Yes, that’s what seems quite clear to me… But apparently there are some strange inertia explanations… Or is it Mach’s theory of stuff ? Such as, the whole universe is the source of your inertia ?

Wait, Im not sure about that. If you hit a baseball a little more than halfway to the moon, the moons gravity will pull the baseball to it. Same would go for in a sphere. You have equal mass on all sides(presumably) if an object is closer to a certain side than the other the increased proximity to a source of gravity and the decreased distance from another source of gravity would cause the object to be pulled to the closer side. I can see you point on sphereical gravity willem but the object would have to be in the exact center. (I am not including friction and air here) ( - ) <—sphere with the object in it.

willem, your math would be correct IF gravity depended liniarly with distance. it depends with the square of distance. thus, your/newton’s understanding of the matter is incorrect.

(for the record, keppler came after newton. also for the record, newton still belives sound propagates as an isothermic transformation of the air.)

edit: i don’t think she’ll sue me for one line, but i’d rather not find out ^^

as a side note,
in normal conditions, (not relativistic) newton’s laws of gravity are still a very good approximation of einstein’s relativity laws
(if i remember correctly the former is the first term of the lagrange approximation of the latter)
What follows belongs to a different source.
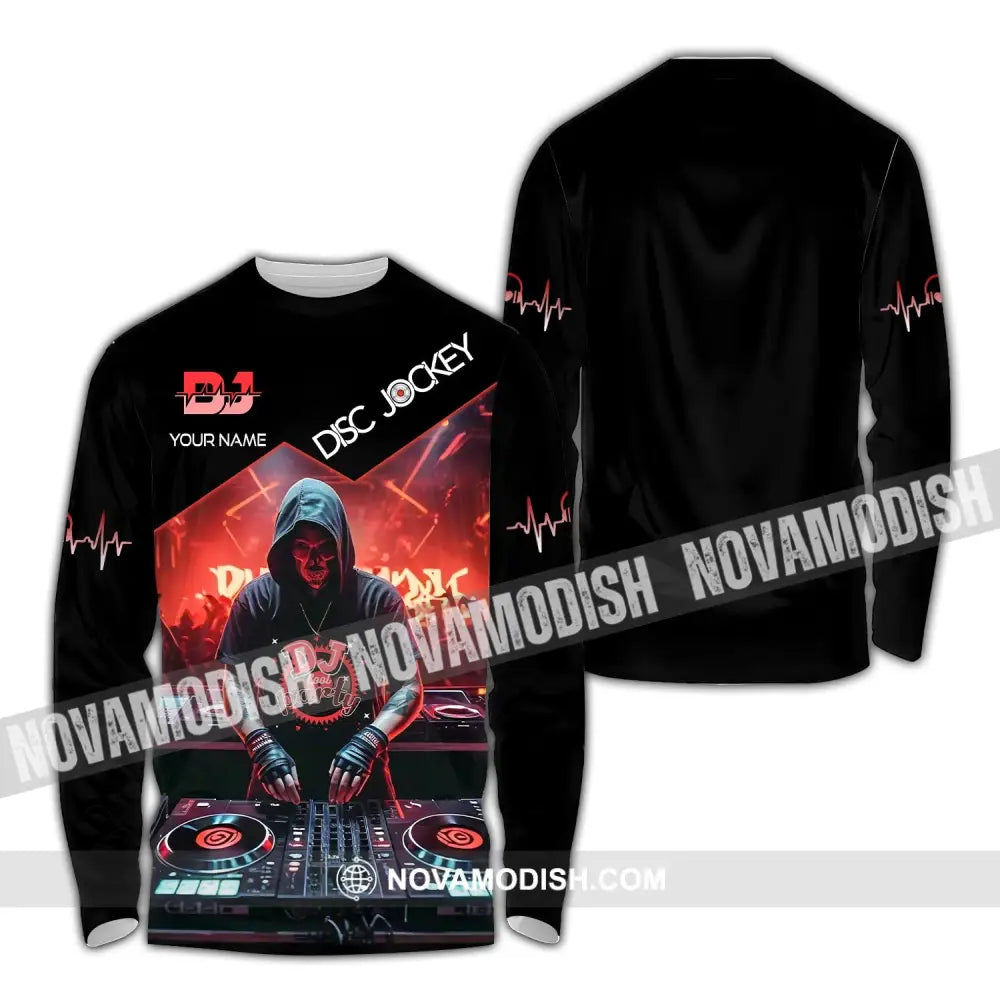 Unisex Shirt - Custom Text Dj Long Sleeve / S T-Shirt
let’s consider a circle with the center in x0 and a point in x.

every point on the surface of the circle attracts the point x with the force

Fi = k d ^2

the long side of a triangle is L = l1 ^ 2 + l2 ^2 + 2 l1 l2 sin (a) where a is the angle.

thus, for every point on the circle d is

d = r ^ 2 + x ^ 2 + 2 r x sin (pi - a) where a is the angle of the point considered

When we integrate by angle a we get

F = integral by a (from 0 to 2 pi) of k ( r ^2 + x^2 + 2rx sin (pi-a)) which simplifies as

F = k (r ^2 + x ^2) + integral by a (from 0 to 2pi) of 2 k r x sin (pi-a)
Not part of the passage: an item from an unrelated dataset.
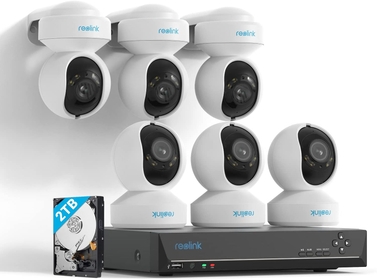 4K PoE PTZ Outdoor Security Camera System, IP Surveillance Camera E1 Outdoor PoE*6 Bundle with 8CH NVR RLN8-410, Secure 24/7 Local Storage, Auto-Tracking, Color Night Vision, Smart Detection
the sin function being a periodical, and the integral being over the entire period, and the period being symetrical with respect to the Ox axis, that integral comes out 0.

no shit sherlock

seems willem is correct after all

(thanks to willem, i spent a fun half hour re-doing the above stuff, it’s been a decade since i last touched that sort of a problem. i;m not very sure why i was so convinced it must be the other way around, but anyway… to quote feynman, i had bad luck )

Look - don’t strain yourselves, knock twice on the screen for “Yes Tab, you could live on the inner surface of a sphere without falling off” and once on the screen for “No Tab, you’d be twiddling your thumbs in mid air at the centre of the sphere.”